If you are also attracted to network analysis, you may want to do it with R, a free software environment for statistical computing and graphics. Let’s also say that you want to create a network from a list. In this list, every row element is listed in an attribute, as in the following example.
Basketball | Football | Golf | |
---|---|---|---|
Marc | 1 | 10 | 0 |
John | 0 | 20 | 0 |
Paul | 5 | 0 | 5 |
Micheal | 0 | 0 | 5 |
In the scenario, Marc and Paul are “connected” because they both play football, Marc and John are connected because of Basketball, Paul and Micheal are bound by Golf, and so on. You may also want to assume that the link between Marc and John created thanks to basketball is way higher than the one made between Marc and Paul in football.

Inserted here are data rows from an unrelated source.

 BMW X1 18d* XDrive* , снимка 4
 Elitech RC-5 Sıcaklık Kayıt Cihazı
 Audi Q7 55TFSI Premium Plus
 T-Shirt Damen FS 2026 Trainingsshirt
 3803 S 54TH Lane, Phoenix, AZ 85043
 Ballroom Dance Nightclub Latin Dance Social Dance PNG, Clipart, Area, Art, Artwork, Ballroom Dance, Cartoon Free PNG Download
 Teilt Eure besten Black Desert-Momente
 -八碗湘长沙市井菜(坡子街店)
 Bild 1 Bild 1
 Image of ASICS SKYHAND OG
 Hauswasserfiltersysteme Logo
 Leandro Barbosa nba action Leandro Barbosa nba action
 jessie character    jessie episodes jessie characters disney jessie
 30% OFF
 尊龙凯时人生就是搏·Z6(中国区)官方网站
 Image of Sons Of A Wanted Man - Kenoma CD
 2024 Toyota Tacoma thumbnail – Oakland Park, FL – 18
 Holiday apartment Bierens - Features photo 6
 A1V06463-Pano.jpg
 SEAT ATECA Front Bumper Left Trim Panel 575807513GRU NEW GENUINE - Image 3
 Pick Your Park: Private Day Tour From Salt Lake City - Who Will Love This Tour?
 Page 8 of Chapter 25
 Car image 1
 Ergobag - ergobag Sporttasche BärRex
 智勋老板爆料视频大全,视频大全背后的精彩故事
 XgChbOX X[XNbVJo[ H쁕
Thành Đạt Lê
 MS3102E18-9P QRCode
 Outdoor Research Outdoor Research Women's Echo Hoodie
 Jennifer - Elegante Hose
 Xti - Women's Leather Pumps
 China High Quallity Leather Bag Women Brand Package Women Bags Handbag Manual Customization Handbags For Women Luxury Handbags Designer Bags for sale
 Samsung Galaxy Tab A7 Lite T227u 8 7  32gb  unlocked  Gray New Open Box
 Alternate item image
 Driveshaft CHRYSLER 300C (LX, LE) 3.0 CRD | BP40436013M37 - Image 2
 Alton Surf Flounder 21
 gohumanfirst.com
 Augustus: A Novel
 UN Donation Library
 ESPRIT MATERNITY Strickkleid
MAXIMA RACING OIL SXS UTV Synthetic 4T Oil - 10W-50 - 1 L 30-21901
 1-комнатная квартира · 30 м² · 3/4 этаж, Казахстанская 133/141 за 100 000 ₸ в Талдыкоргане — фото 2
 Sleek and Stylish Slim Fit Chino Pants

As you may imagine, this can be exploited in many different ways since there are many cases in which a network can be formed from other individuals sharing an attribute (for instance, customers buying the same products).
Let’s take a very generic matrix as an example, and then let’s generate all the possible combinations between the individuals (in our case, they would be Marc – John, Marc – Paul, Marc – Micheal, John – Paul, John – Micheal and Paul – Micheal).
# table with 50 random values
set.seed(345)
inc <- matrix( rbinom(50, 1, p=0.2) , 10, 5)
colnames(inc) <- letters[1:5] # activities
rownames(inc) <- LETTERS[1:10] # individuals
# generate all combinations of individuals
d <- data.frame(t(combn(rownames(inc), 2)), stringsAsFactors = F)
Now, we are going to build a function that is gonna calculate the strength of the link between two individuals by summing the product of the value of each attribute. For example in the example above, is going to calculate the link between Marc and John by applying the following formula:
LinkStrength(Mark, John) = Football(Marc) * Football(John) + Basketball(Marc) * Basketball(John)+Golf(Marc) * Golf(John)
sum_act <- function(x){
sum = sum(inc[ d[x,"X1"],] * inc[ d[x,"X2"],])
}
d$keep <- sapply(1:nrow(d), sum_act)
head(d)
X1 X2 keep
1 A B 1
2 A C 0
3 A D 0
4 A E 0
5 A F 0
6 A G 0
Now you will be able to generate your own network object and analyse all its characteristics.
library(igraph)
g <- graph_from_data_frame(d[d$keep>0,], directed = F)
plot(g)
And you? Have you ever done network analysis in R?
Thank you very much!